If you want to know the time, ask a policeman by Susan Price

This is a lovely post from one of our History Girl Reserves, Susan Price, about a once well-known Music Hall song...




If you want to know the time, ask a policeman. 
The proper Greenwich time, ask a policeman, 
Every member of the force has a watch and chain, of course, 
If you want to know the time, ask a policeman!



My childhood was haunted by snatches of music-hall song and jokes. My Grandfather Price, I'm told, was a great fan of the music-hall, especially the high-kicking dancing girls. (And I heard, passed down from him, tales of the dreaded 'peaky-blinders' long before they became a TV series.)



They don't do repairs in mid-ocean. 
They don't do repairs on the deck. 
So for two blessed years, me trousers was hung 
From a wart on the back of me neck!- boom-boom!

To this day, I've no idea what this is about. I didn't understand these half-remembered bits of verse. As with nursery rhymes, I learned them by their rythmns, without knowing or much caring what they meant.

She looked at me coy, 
She said, 'You're not a boy. 
Get off! You're a dirty old man!' - boom-boom!


That star of children's TV, the puppet fox, Basil Brush, used to end all his jokes with 'boom-boom!' too. But long before Basil came along, I knew that was how you ended a joke. I asked my Dad why, and he said it was because, in music-hall, there was a live orchestra in the pit, and at the end of every punch-line, the drummer would give two thumps on the bass-drum. Later, the comics added it themselves.

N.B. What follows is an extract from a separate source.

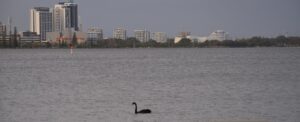 Black Swan with black plumage, red bill and long curved neck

I'm one of the ruins that Cromwell knocked about a bit... (Often said in reference to Dudley castle.)

My old man said 'Follow the van...'

'You don't know Nellie like I do,' said the bird on Nellie's hat...

'Here's a joke worth eighteenpence...'
'On the day I was born, my father threw a party in the yard.
The party was my mother.

'My parents were in the iron and steel business.
My mother ironed and my father did the stealing.'

'My father died as he was addressing a public meeting.
The platform collapsed and he broke his neck.'

But I was talking about 'Ask A Policeman.'

The only bit of this song I learned as a child was the chorus quoted at the top of this blog. I had a vague idea that it was a song in praise of fine, upstanding British Bobbies, who would always greet you with a smile and give you the time of day. I once asked my Dad (that fount of all knowledge) about it, and he more or less confirmed this. Perhaps he was protecting me from the hard and cynical world, but I have the impression that he'd never given much thought to the song himself (he was more of a Duke Ellington man.)

My researches reveal that 'Ask a Policeman' was written by Augustus Durandeau (music) and E. W Rogers (lyrics,) and first performed by James Fawn in the 1890s. The first verse and chorus go:

The police force is a noble band, that safely guard our streets.  
Their valor is unquestion'd, and they're noted for their 'feats,'  
If anything you wish to know, they'll tell you with a grin,  
In fact, each one of them is a complete "Enquire Within."

Chorus.

If you want to know the time, ask a policeman.  
The proper Greenwich time, ask a policeman,  
Every member of the force has a watch and chain, of course,  
If you want to know the time, ask a policeman.

But that idea that the song is one of love for our cheery, helpful policemen? Those last lines from the chorus - 'Every member of the force has a watch and chain, of course,' - was sung with a knowing nod and wink to the audience. It was a reference to a well-know urban tale of the time. Everybody knew that when policemen - who were usually working class - came across a well oiled gentleman, the policemen not only gleefully took advantage of their office to arrest the gentleman for being 'drunk and disorderly' when he was only a little high-spirited, but also stole the gentleman's pocket-watch.


A gentleman's expensive pocket-watch, a little miracle of clockwork engineering, accurately counting off the seconds and minutes, was the coveted gadget, the iPad of its day. A police constable couldn't afford one. Yet they always had one! - Because they stole them from their betters.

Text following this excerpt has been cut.